Begonnen hat das Projekt 1998. Die Zusammenarbeit mit den Betrieben, den Fachdiensten der Jugendsozialarbeit und den regionalen Netzwerken hat zu zahlreichen Kooperationen geführt, die der Integration junger Menschen in das Berufsleben nützlich war. „Im Mittelpunkt der Arbeit steht der junge Mensch, der entsprechend seinen individuellen Voraussetzungen gestärkt und gefördert wird“, betont die BIW.

Klientel aus dem Altkreis

In zunehmendem Maße – nämlich zwischen 30 und 40 Prozent – sind es seit einigen Jahren auch Jugendliche und junge Erwachsene aus dem Wittlager Land, die die Qualifizierungseinrichtung besuchen. Ein Umstand, der die drei Gemeinden Bad Essen, Bohmte und Ostercappeln im Sommer des vergangenen Jahres veranlasst hat, rückwirkend zum 1. Januar 2013 dem BIW-Trägerverein beizutreten. Der Jahresbeitrag, mit dem die Arbeit der BIW unterstützt wird, beträgt für jede Gemeinde 5000 Euro. Die Kooperation der Kommunen mit der Einrichtung in Belm wird übrigens auch im Rahmen von Ilek, dem integrierten ländlichen Entwicklungskonzept, unterstützt.

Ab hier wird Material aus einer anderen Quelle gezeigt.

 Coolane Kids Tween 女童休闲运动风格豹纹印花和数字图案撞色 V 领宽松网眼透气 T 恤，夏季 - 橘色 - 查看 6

Als Mitglied im Trägerverein unterstützt die Wittlager Gemeinde diese Aktivitäten. „Mit 735 Euro als Spende kann ein Teilnehmerplatz für ein Schuljahr gesichert werden“, merkt Ostercappelns Bürgermeister Rainer Ellermann an. „Wir würden uns daher freuen, wenn sich auch aus unserer Gemeinde weitere Förderer oder Sponsoren für diese Einrichtung finden würden.“

Viktor Hermeler ist in seiner Funktion als Bürgermeister der Vorsitzende im Förder- und Trägerverein BIW. Seine Stellvertreter sind Frank Hünefeld, stellvertretender Landrat, und Frank Imbusch, Geschäftsführer der Firma Altewichard in Belm. Gerhard Wienken ist Geschäftsführer.

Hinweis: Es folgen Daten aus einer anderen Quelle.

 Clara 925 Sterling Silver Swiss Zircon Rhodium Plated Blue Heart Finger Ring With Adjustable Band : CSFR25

Vor Kurzem hatten wie berichtet Georg Schirmbeck und Hartmut Nümann, die seit elf Jahren Vorsitzender beziehungsweise stellvertretender Vorsitzender waren, ihre Ämter abgegeben. Auch die langjährige Geschäftsführerin Sigrun Rindt hat sich zudem in die zweite Reihe zurückgezogen.